Now began a long chase. The dog was young and headstrong, and the temptation to chase the rabbit was too much for him; but afterwards he wished that he had obeyed his master's whistle and left her alone. For first of all Cuni led him through laurels against which he stubbed his nose at every turn; and then she took him through some brambles where he tore his ears; and last of all she raced for the Lower Wood. Here she increased her lead a little, and then, looping back upon her trail, she ran under a fallen fir tree, and went to ground thirty yards further on. The dog went down the blind lead first, then had to turn back along the true one to the fir tree. It took three minutes for him to convince himself that his game was gone, and then he returned, panting, to an interview with his irate master, after which he was a sadder and wiser dog.

Cuni could not stay long underground when the Spring Longing was abroad in the wood, and two hours afterwards she crept out again. Her instinct led her back to the bramble patch, but, alas, the form was cold and empty. A jay squawked overhead and warned her not to linger. The jay is a most untrustworthy watchman and gives a false alarm twenty times a day; but the Wood Folk know that if by any chance an enemy should pass by, the jay will surely see it, therefore they always obey his warning. On this occasion the enemy turned out to be a stoat, and Cuni fled quaking lest it should be on her trail. Not until she was far away did she feel safe to continue her search. Once she ventured to signal timidly, but the only answer she received was from a doe rabbit, who, when she found that it was one of her own sex who had stamped, looked much as one girl in a ballroom might do if another invited her to stand up and dance.

At last Cuni came upon a trail. It was cold and stale, but unmistakably rabbity, and the Spring Longing bade her follow it. It led her through devious ways across the Big Meadow into the Celandine Copse, and thither Cuni followed it through an archway under a bramble. The wind had dropped and the Copse was silent but for the spring chirp of an oxeye. Under the trees the scent was stronger but strangely irregular, as though a second and feebler trail were mingled with the first. Cuni followed it into the gravel pit, expecting a signal, but none came. She slid down a heap of tinkling shale, and her nose led her to the old cart road on the other side, where the grass was tender and beloved by the rabbits.

Cuni could guess well enough what had happened here, for the trails were like a double string of beads--a narrow thread where the rabbits had hopped straight forward, and here and there an expansion where one or other had turned aside to graze.

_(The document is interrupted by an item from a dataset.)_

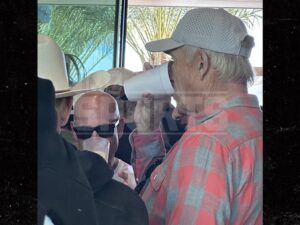 john elway at a party drinking tmzsports 2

Suddenly Cuni turned a corner and came full upon Fluff-Button, who was sitting with his back turned to her; while just in front of him stood--Mutch. Fluff-Button was feeding in a nervous, jerky manner, and when presently Mutch crept up to him and touched him pleadingly, he only hopped away petulantly.

Mutch, repulsed, sat up and looked round--to see Cuni. Whether the sight awoke in her the old mother instinct of the woods to drive away a young one able to fend for itself, or whether it was simply jealousy, I cannot say, for the Spring Longing works strange changes in the beasts; but, anyhow, she rushed straight at Cuni and ripped a tuft of fur from her flank. Cuni staggered, but Mutch was no longer young enough to wheel and pursue her advantage quickly, and before she could renew her attack, the little rabbit, spurred by the pain and fear of the old bully, whisked past Fluff-Button into the bushes. Mutch hopped back, full of pride at her achievement, and sought to caress Fluff-Button with her whiskers. But her jealousy had over-reached itself. Fluff-Button had wandered all the way from the Wood to the Copse seeking something which had gone from him; and although Mutch had followed him all the way with caresses he had rejected her, for she did not satisfy the longing which possessed him. However, when he saw Cuni's little white scut scurry by, his instinct told him that this was what he sought. He pushed past Mutch unceremoniously, and leaving her behind to stamp impotent signals, he scampered after Cuni.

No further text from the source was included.